The scientific assertion, observation, correlation, hypothesis, theory, deduction, law, is accepted as a true-or-false, or at least as a more or less probable, claim. The claim is assumed to refer to a state of affairs other than the claim and the scientist, and to be open to techniques of verification, pointer readings, and so on. The scientific method presupposes that there is something to be known, that a degree of knowledge is possible, that this knowledge can be expressed as assertions and reliably transmitted from teller to hearer.

(2) What the scientist thinks of the assertion S is P when the assertion is itself a phenomenon under investigation to be ordered with other phenomena in the general corpus of scientific knowledge:

What does the scientist think of science as a phenomenon, not, what does he do as a scientist as he practices his science, assembles his data, sets up a controlled experiment, makes pointer readings, puzzles over discrepancies, gets a hunch, tries a new hypothesis, etc.-but what does he think of science as a happening in the world which takes its place along with other happenings?

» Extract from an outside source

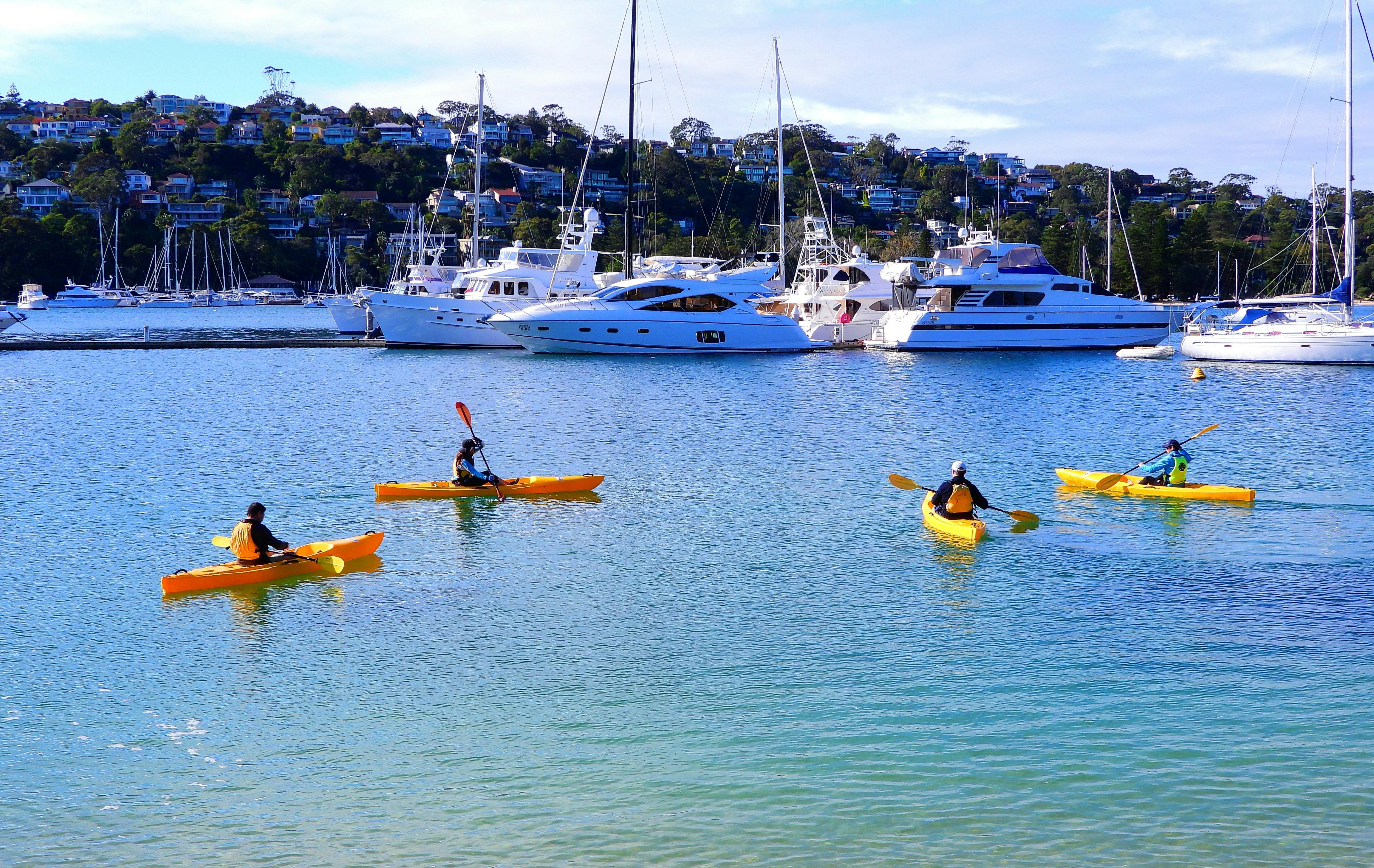 Free Learn to Kayak Lesson Sydney, Australia Official Travel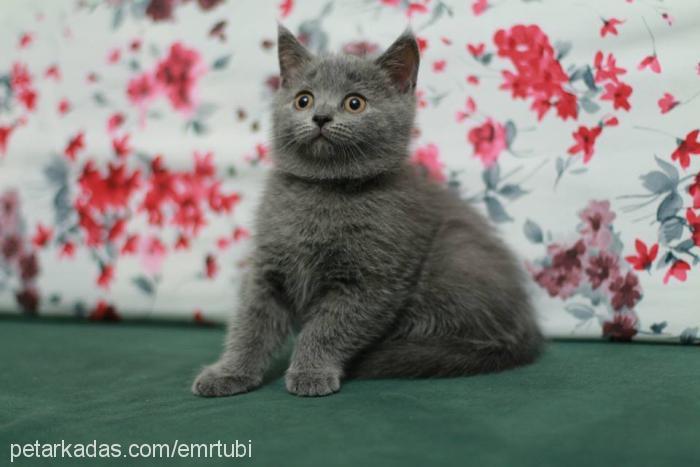 badem Dişi Scottish Fold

If he is to understand science as a phenomenon to be ordered to other phenomena in a general functional scheme, he is obliged to disqualify the major assumptions which he has made in the practice of his science: that valid scientific knowledge is possible and that it can be transmitted from teller to hearer by means of assertions.

The dilemma of the modern philosopher of science has these two horns. It appears to him that he may pursue only one of two alternatives without betraying the rigor of the scientific method. Yet in each case the consequence is an antinomy in which his explanation of science as an activity stands in contradiction to his assumptions about science if he is a practicing scientist.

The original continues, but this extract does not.